= Milliy Fırqa (NGO) =

Crimean non-governmental organization

Logo of the NGO

Milliy Fırqa (lit. 'People's Party') is a pro-Russian Crimean Tatar non-government organization founded in 2006. Its name is taken from the former party Milliy Fırqa which was banned by the Soviet authorities in 1921. The current leader is Vasvi Abduraimov.

In 2010, Abduraimov asked Crimean Tatars not to support any candidate in the 2010 Ukrainian presidential election.

Despite marginal support, Abduraimov and Milliy Fırqa were close to the government of Viktor Yanukovych, as well as to the Crimean government of Anatolii Mohyliov. Before the 2013 Crimean Tatar Remembrance Day of Victims of the Deportation, the Simferopol City Council first announced that they were going to ban the event. Later, Crimean authorities accepted a proposal from Milliy Fırqa, who would now be responsible for the event.
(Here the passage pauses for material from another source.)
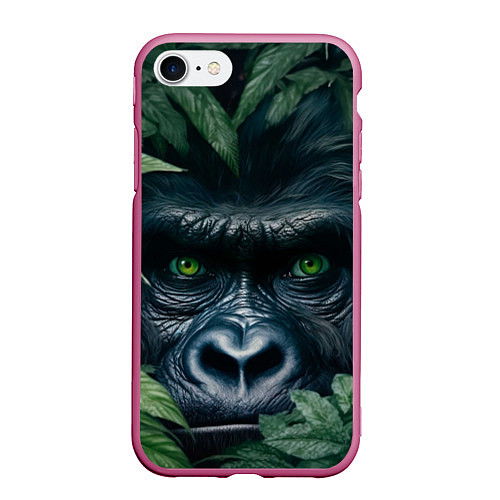Чехол iPhone 7/8 матовый Крупная морда гориллы / 3D-Малиновый – фото 1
However, in the face of protests from Crimean Tatar diaspora organizations from Europe, the United States and Turkey, Milliy Fırqa withdrew from the event on 10 May 2013, eight days before the event was scheduled to occur.

During the Russian occupation of Crimea and the subsequent annexation, Milliy Fırqa was possibly the only Crimean Tatar organization to publicly back the referendum organized by the occupational authorities.

As a strong opponent of the Mejlis, supporter of the 2014 annexation of the peninsula, and critic of the post-Euromaidan Ukrainian government, Abduraimov is universally considered to be part of the pro-Russia faction in Crimea; however, his staunch opposition to the controversial "Crimean Rose" Russian settlement project, demolitions of Crimean Tatar houses, certain bans on rallies, and other measures against the Crimean Tatars has been a subject of disagreement with others in the Russian government.